A decisão ocorre poucos dias após Dino ter determinado o bloqueio de R$ 119 milhões em bens do presidente do PL, Valdemar Costa Neto, e de R$ 6 milhões do ex-deputado e ex-presidente da Câmara Eduardo Cunha. Segundo o ministro, as medidas tiveram como base a suspeita de que os políticos estariam indicando a destinação de emendas parlamentares mesmo sem mandato, prática que, afirmou, “configura-se vício insanável por violação aos princípios da moralidade, legalidade e finalidade”.
Na nova decisão, Dino escreveu ser “totalmente anômalo que ex-parlamentares mantenham cotas orçamentárias informais e, diretamente, transmitam ordens para funcionários da Casa Parlamentar”. Ele também citou relatórios do Departamento Nacional de Auditoria do Sistema Único de Saúde (DenaSUS) e da Controladoria-Geral da União (CGU) sobre irregularidades na destinação de emendas para a área da Saúde.
O ministro determinou ainda que o ministro da Saúde, Alexandre Padilha, o presidente do Conselho Nacional de Secretários de Saúde (Conass) e o presidente do Conselho Nacional de Secretarias Municipais de Saúde (Conasems) expliquem irregularidades ligadas ao uso temporário de emendas parlamentares para pagar despesas de custeio.

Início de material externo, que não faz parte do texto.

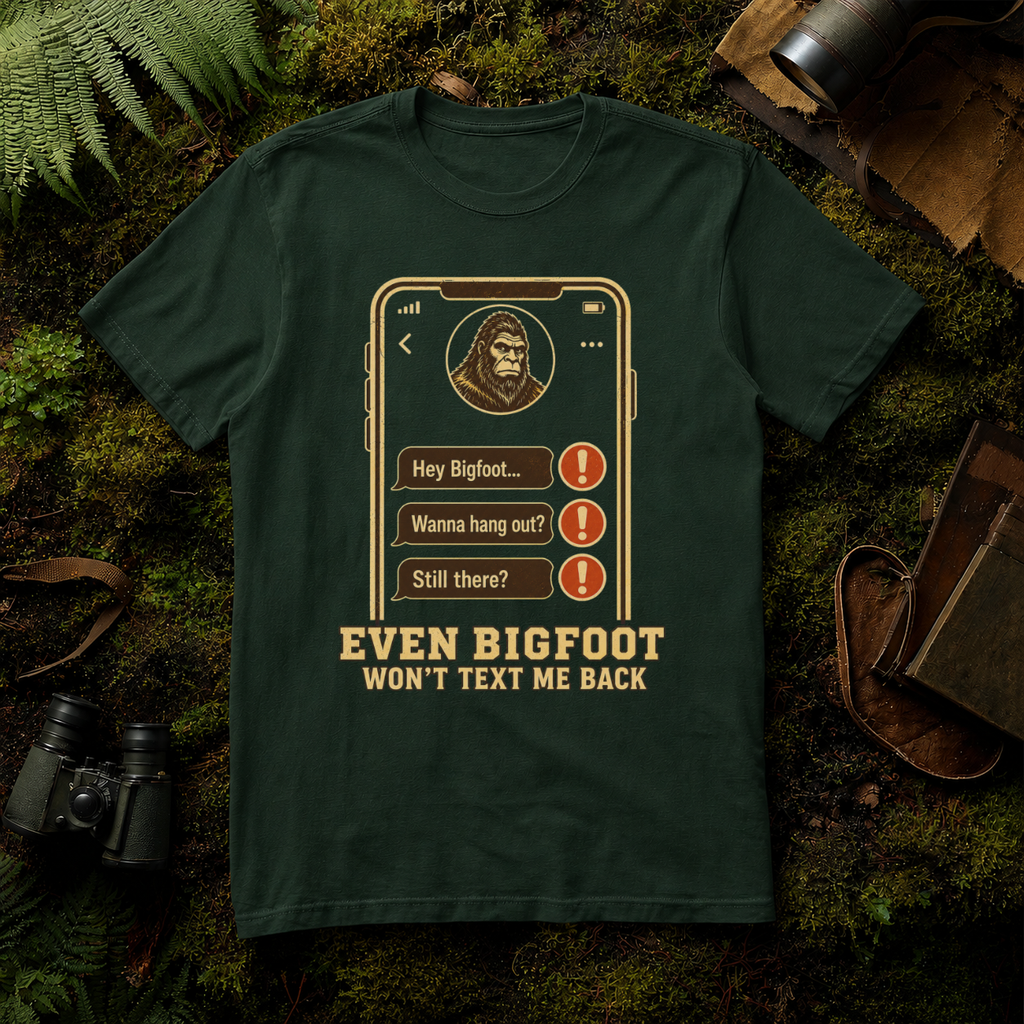 Even Bigfoot Won't Text Me Back T-Shirt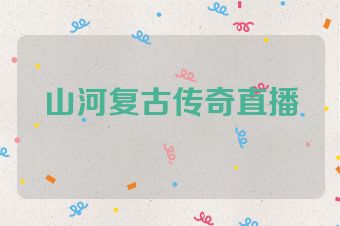 山河复古传奇直播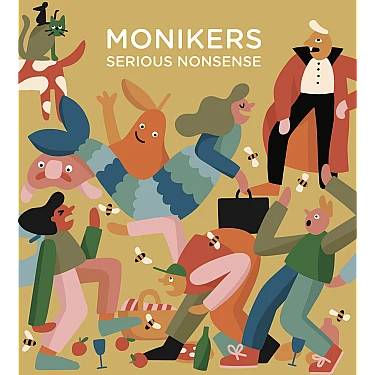 Monikers: Serious Nonsense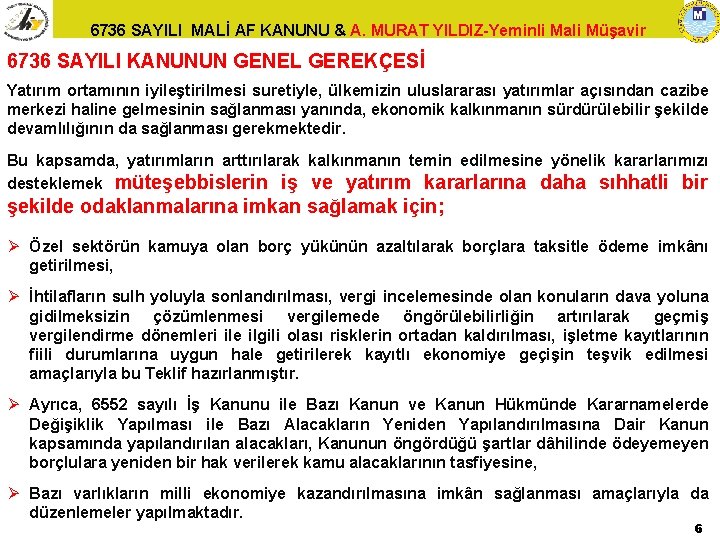 6736 SAYILI MALİ AF KANUNU & A. MURAT YILDIZ-Yeminli Mali Müşavir 6736 SAYILI KANUNUN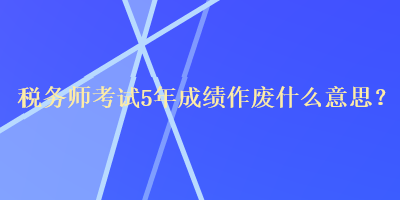 稅務(wù)師考試5年成績作廢什么意思？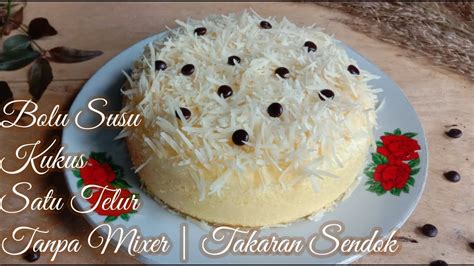 Resep bolu kukus 2 telur takaran sendok. RESEP BOLU SUSU KUKUS HANYA MENGGUNAKAN SATU TELUR | TAKARAN SENDOK TANPA MIXER - YouTube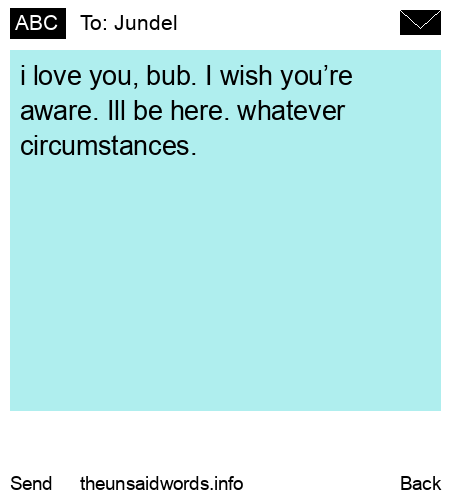 unsent message to Jundel
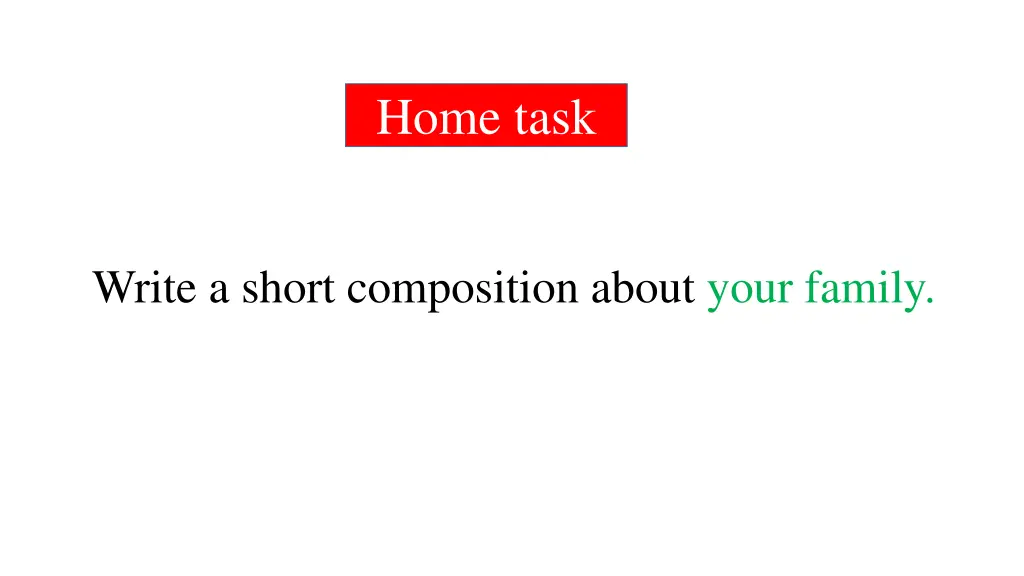 home task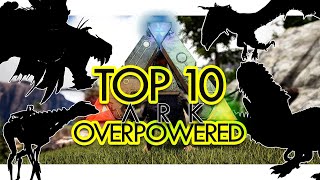 Top 10 OP TAMES in ARK Survival Evolved (Community Voted)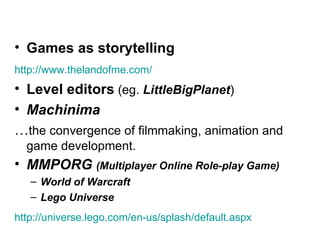 Games as storytelling http:// www.thelandofme.com /   Level editors  (eg.  LittleBigPlanet )   Machinima   … the convergence of filmmaking, animation and game development. MMPORG  (Multiplayer Online Role-play Game) World of Warcraft Lego Universe http://universe.lego.com/en-us/splash/default.aspx   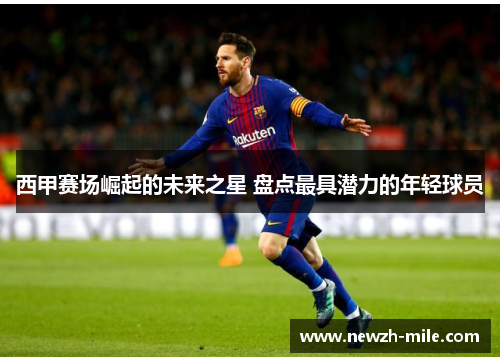 西甲赛场崛起的未来之星 盘点最具潜力的年轻球员 西甲赛场崛起的未来之星 盘点最具潜力的年轻球员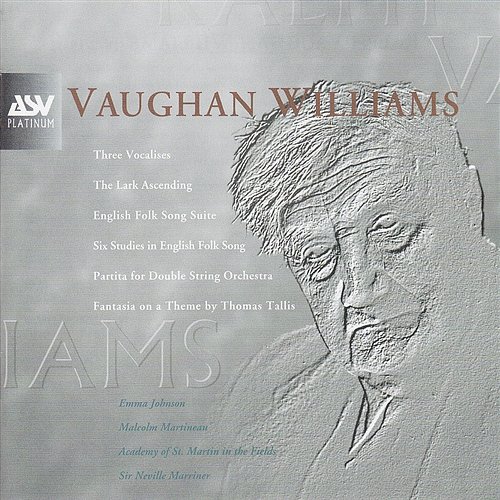 Vaughan Williams: Partita, 3 Vocalises, Fantasia on a Theme by Thomas Tallis, The Lark Ascending Emma Johnson, Academy of St Martin in the Fields, Sir Neville Marriner, London Festival Orchestra, Ross Pople, Iona Brown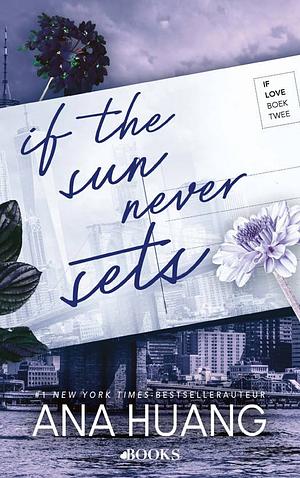 If the sun never sets by Ana Huang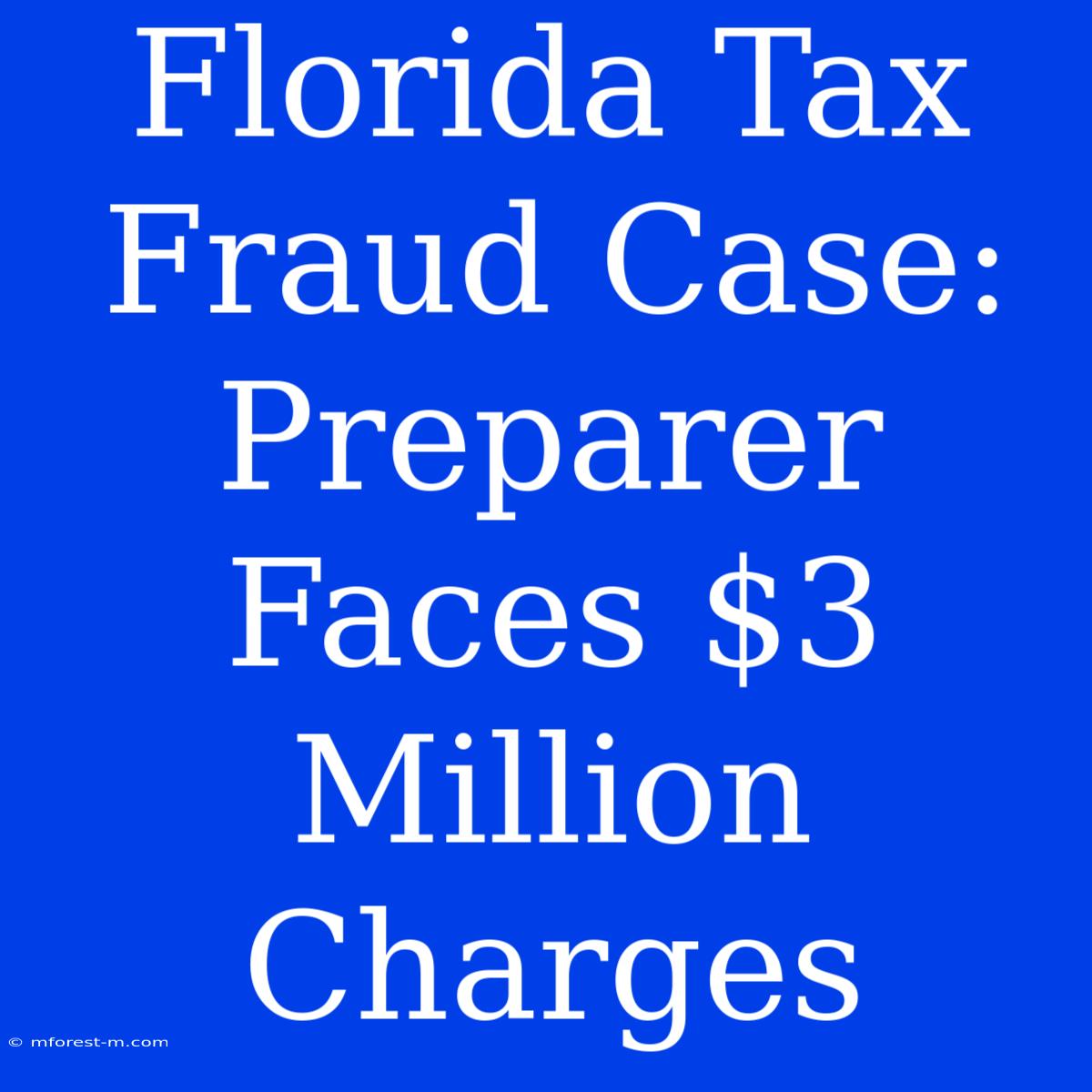 Florida Tax Fraud Case: Preparer Faces $3 Million Charges 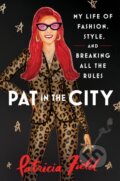 Kniha: Pat in the City (Patricia Field). Fourth Estate, 2023 Kniha: Pat in the City (Patricia Field). Fourth Estate, 2023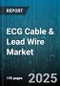 ECG Cable & Lead Wire Market by Product Technology (Analog, Digital, Hybrid), Usage Application (Automotive Sensors, Fitness Equipment, Industrial Monitoring), Material Type, Cable Structure, Connector Type, Manufacturing Process, Industry Focus - Global Forecast to 2030 - Product Thumbnail Image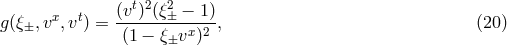 (vt)2(ξ2 − 1) g(ξ±,vx,vt) = -------±-x-2-, (20 ) (1 − ξ±v )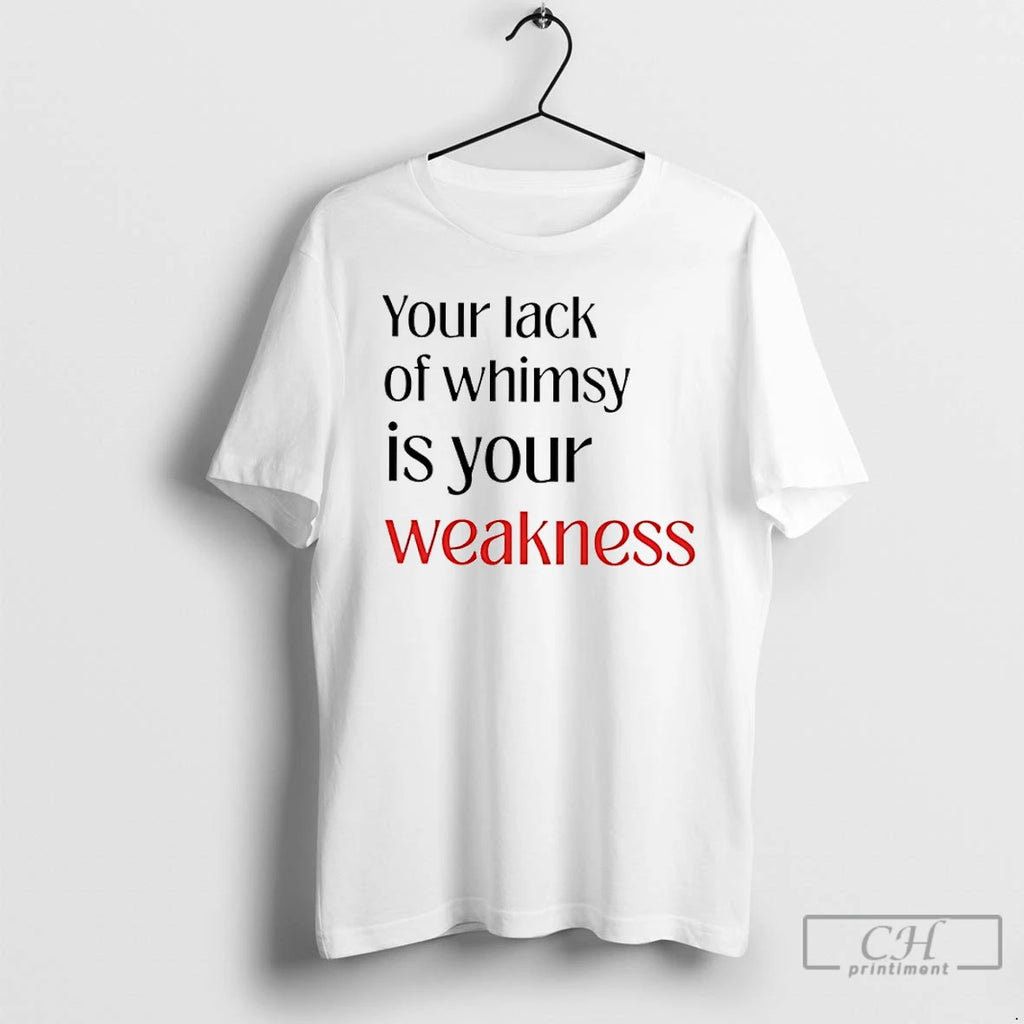 Premium Your Lack Of Whimsy Is Your Weakness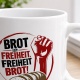 Tasse »Brot ist Freiheit, Freiheit Brot!«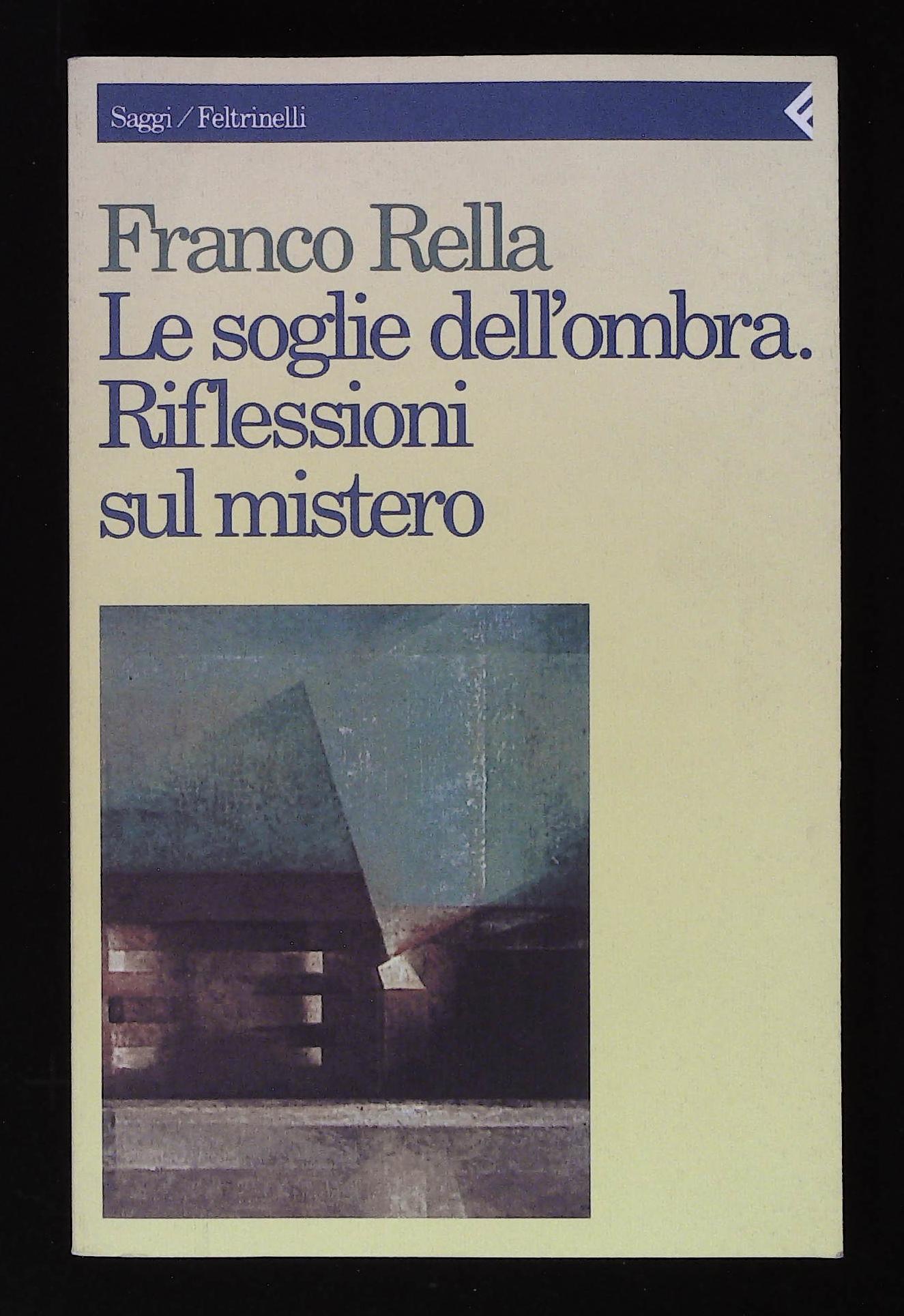 Le soglie dell'ombra. Ruflessioni sul mistero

A Advocacia-Geral da União (AGU) também foi acionada e terá 30 dias para informar quais providências está tomando para responsabilizar os envolvidos com irregularidades em emendas identificadas em relatórios da CGU.
Flávio Dino é o relator de uma ação por descumprimento de preceito fundamental (ADPF) que trata do enquadramento da destinação de emendas parlamentares aos princípios de transparência e rastreabilidade previstos na Constituição. Desde 2022, o Supremo vem determinando medidas para sanear o chamado “orçamento secreto”, expressão usada para designar a indicação de recursos do orçamento sem identificação do parlamentar responsável ou do beneficiário final. As informações foram retiradas da Agência Brasil.